Rebel in the Rye: Inside the Life of J.D. Salinger

by Jeremy Kinser

The story of how mythic writer J. D. Salinger came to create The Catcher in the Rye, considered by many to be the great American novel, gets a glossy cinematic telling in Rebel in the Rye, the feature debut from Danny Strong. The director-screenwriter draws parallels between Salinger’s life and how it shaped the creation of Holden Caulfield, his iconic outspoken character who continues to cast his spell on readers to this day.

We’re introduced to Jerome David Salinger (Nicholas Hoult) as a young man at odds with his privileged life in New York City. Despite pressure from his father (Victor Garber) to go into the family business and become “the king of bacon,” his mother (Hope Davis) is more sympathetic to nurturing her son’s burgeoning writing talent. Jerry, as he’s called, enrolls in a writing program at Columbia University, where his smart mouth draws both the ire and admiration of instructor Whit Burnett (Kevin Spacey, wringing every ounce of humor, and later pathos, he can find in the character). Burnett, the editor of Story magazine, which launched many iconic 20th-century writers, becomes a mentor to Salinger and encourages him to create a novel around Holden Caulfield, a character in one of his unpublished short stories.

Before this can happen, Salinger is sent to Europe to fight during World War II. He’s deeply affect by the atrocities he witnesses there and returns to the states at the end of the war with PTSD, which makes simple social activities a challenge for the war vet. Salinger funnels all of his frustrations with life and love into the creation of Caulfield, a new protagonist for post-war America. When Catcher is published, it becomes a sensation and Salinger’s life becomes challenging.

Since Salinger became perhaps literature’s most notorious recluse, Hoult doesn’t have to compete with video memories of the author. The photogenic actor offers a compelling turn that helps anchor the movie and hold viewer interest even when the film falls prey to some biopic conventions.

During the post-screening Q&A, Hoult told the audience he didn’t know much about Salinger prior to the project. “But speaking with Danny and reading his script, I was blown away by everything he experienced and the work he created,” he shared. “Reading more about it, I was blown away by how autobiographical his work was when you line it up with his life.”

Strong said he wanted to make this film partly because he was intrigued by the fact that Salinger “created a masterpiece that changed the world” out of the most extreme trauma a person could suffer: fighting in World War II and witnessing the atrocities of the Holocaust.

If you’re a Salinger fan, take note that this film is likely as close as you’ll ever get to seeing Caulfield on screen. Salinger thought his writing was unfilmable, and he was likely correct. An early short story was turned into a teary Susan Hayward melodrama that the writer reportedly loathed.

Burning Sands: Fraternity Pledging Comes at a High Cost

by Jeremy Kinser

A group of students at a historically black university learn that pledging a fraternity comes at too high a cost in Burning Sands, from new director Gerard McMurray. With a producing credit on the 2013 Sundance Film Festival breakout Fruitvale Station, McMurray makes his feature directorial debut with a screenplay he co-wrote with Christine Berg, and he dives right into the vicious hazing rituals during the opening scenes.

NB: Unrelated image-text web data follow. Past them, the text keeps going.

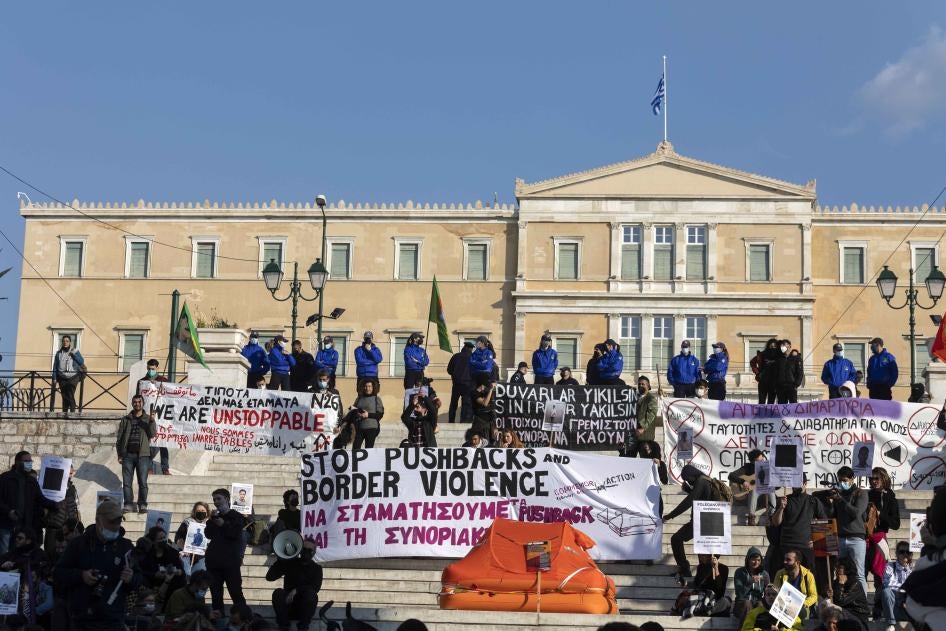 Demonstrators gather in front of the Greek parliament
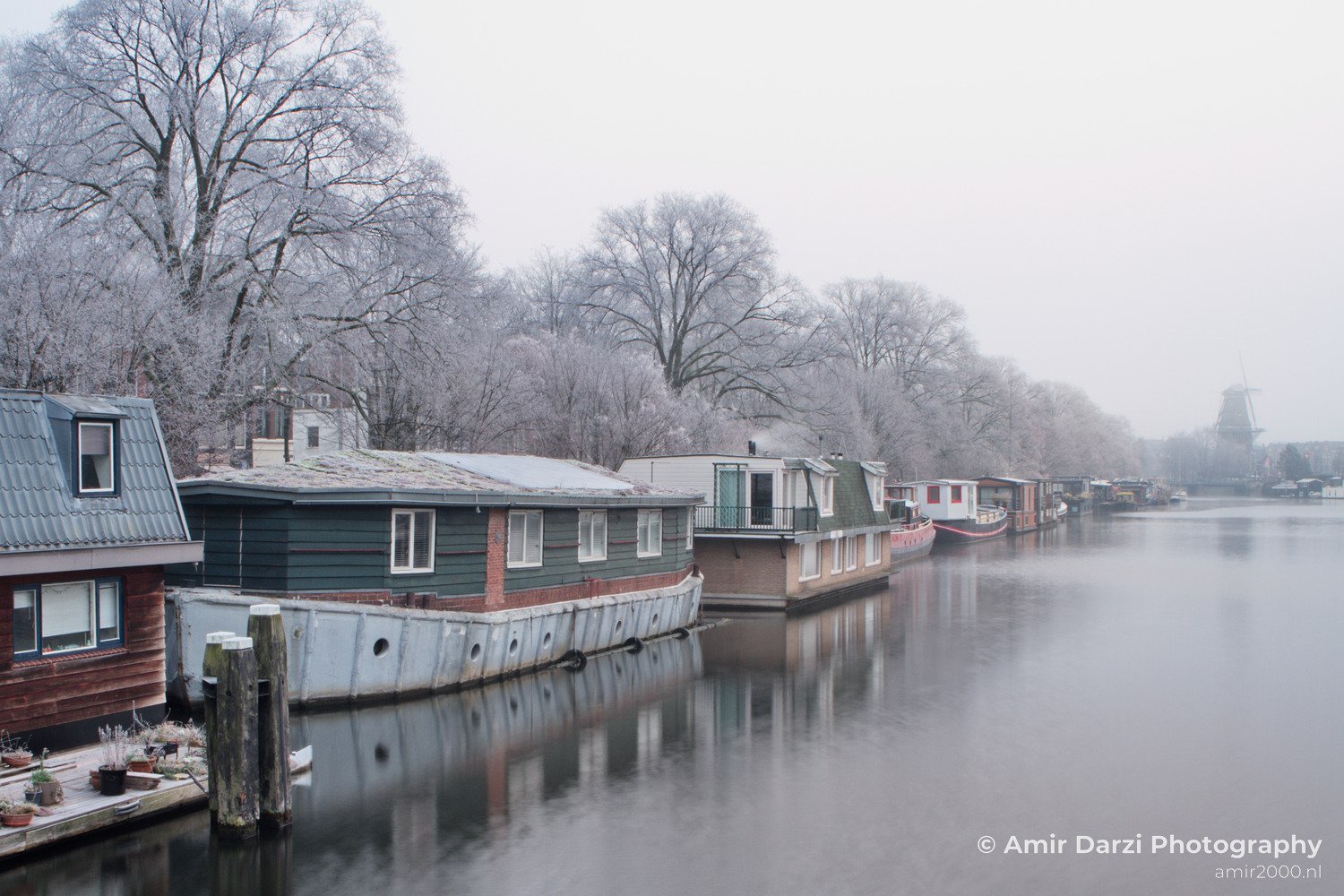 Amsterdam winter icy day fog Netherlands Cityscape in Amsterdam Netherlands Photo 2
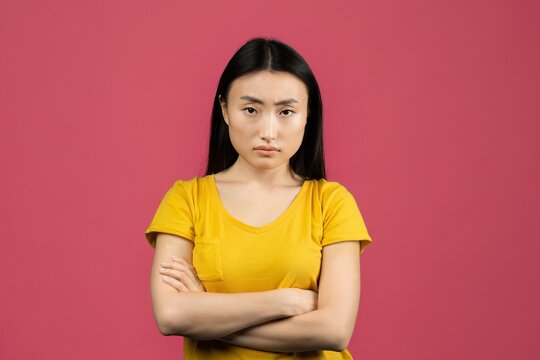Concerned Expression. Serious Young Asian Woman With Black Hair, Crossing Arms And Looking Directly At Camera, Against Vibrant Pink Background. Concept Of Emotions And Feelings.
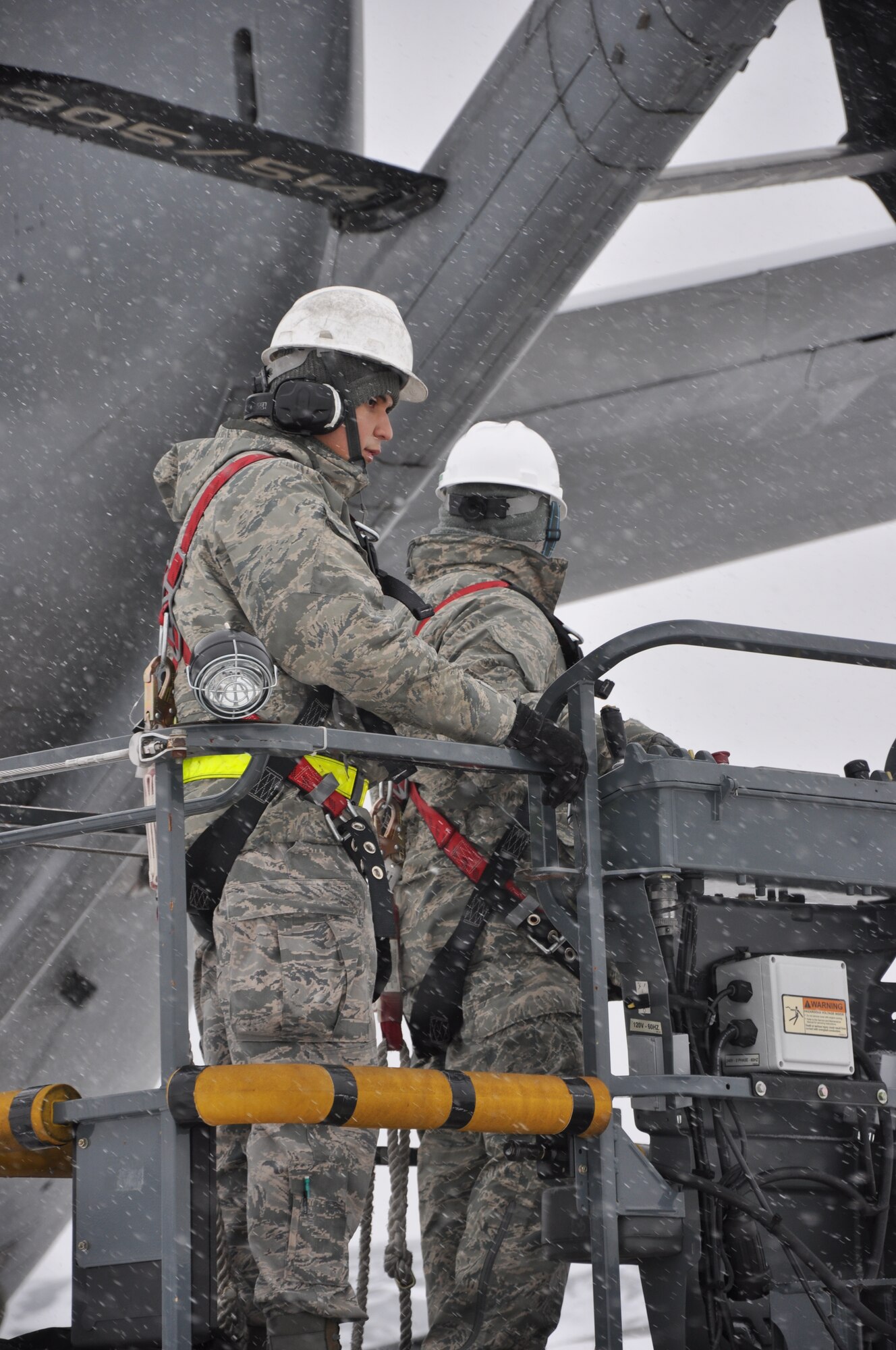 Tech Sgt. David Delitta and Senior Airman Alejandro Enriquez of the 714th Aircraft Maintenance Squadron are lowered down after installing engine covers for a KC-10 Extender aircraft during snow removal efforts here Jan. 25 (U.S. Air Force photo/Tech Sgt. Jonathan White).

At fictional Frederick Douglass University, freshman Zurich (charismatic newcomer Trevor Jackson) has the respect of his teachers, including Professor Hughes (Alfre Woodard, in basically a cameo), but his studies and his relationship with his girlfriend (Imani Hakim) take a hit after he pledges Lambda Phi. It’s the fraternity his father had sought to join as a student before dropping out before Hell Week, so Z’s determination to succeed is strong enough to endure an almost incapacitating injury and make it through Hell Week at any cost.

If you’ve seen other fraternity-set dramas, such as last year’s much more brutal Goat, you can likely guess where this will go. Still, McMurray’s direction builds sufficient tension and he injects welcome comedic relief, particularly with the introduction of female characters.

Speaking at the Q&A that followed the premiere, McMurray revealed he’d pledged a fraternity at an all-black university, and the idea for the film came because he wanted to explore the culture of HBCUs (historically black colleges and universities) and the various subcultures within that world.

Rap artist Common, who has a producing credit on the film, was effusive in praising McMurray. “Gerard showed the diversity of who we are as black people, because each character represented different things,” he said, adding, “that brotherhood is something we don’t usually see in films.”

The Force: ‘The Wire’ of Documentaries

by Dana Kendall

Inspired in part by the hit series The Wire, director Peter Nicks began a series of documentaries exploring the institutions of the city of Oakland, California, back in 2012 with The Waiting Room, which tackled the issue of health care. He brought his second film in the series to the Sundance Film Festival this year, this time covering the city’s notorious police department.

Nicks and his team followed the police department for two years beginning in 2014, getting more than 250 hours of footage to make this complex vérité documentary. When they started, the Oakland force had already been under federal oversight for more than 10 years because of abuses and misconduct, and it still hadn’t fulfilled the requirements to regain full control.

At the outset of the project, the director knew that this was a topic on many people’s minds, but he had no idea how much the issue would explode across the nation over the course of filming.

“This was a really challenging project and process for myself personally and for my team, as we were jumping into maybe one of the most divisive issues of this city in quite some time. We began the project really wanting to understand who the men and women were on the front lines of an institution that was really being called to task, and start a national conversation. But we began the project before Black Lives Matter was even a hashtag. So the ground shifted significantly as we approached the film.”

Nicks wanted to show both the officers and activists as more than simple “two-dimensional portraits without context.” The film team aimed to “[frame] the city in a new way that brings people together” instead of encouraging divisiveness.

As we watch a new chief making a commitment to true reform, the audience feels hope for change. After new disheartening scandals, we watch Mayor Libby Schaaf ruthlessly oust those who have violated the public’s trust, attempting to squash out all the misconduct. But eventually we see that the problems run deep, and they’re embedded into the super-macho culture of the profession. In fact, when the film team already had an initial cut of the film, yet another scandal broke in 2016, this time allegations of sexual misconduct with a minor, and the team had to rethink what their story was going to look like.

At a screening during the Festival, the filmmakers gave some updates on what has happened since they wrapped. Most notable was the news that Oakland had hired a new police chief, the first female chief in the history of the department. With a slew of other women leading the city — including the mayor, her chief of staff, the city administrator, and the fire chief — many are looking forward to seeing whether the deep-seated macho culture of the police department can truly be reformed.

Nicks hinted at a third film in the series, and though he didn’t give any details, he revealed that we could look forward to seeing some of the same subjects from the second installment returning to the screen.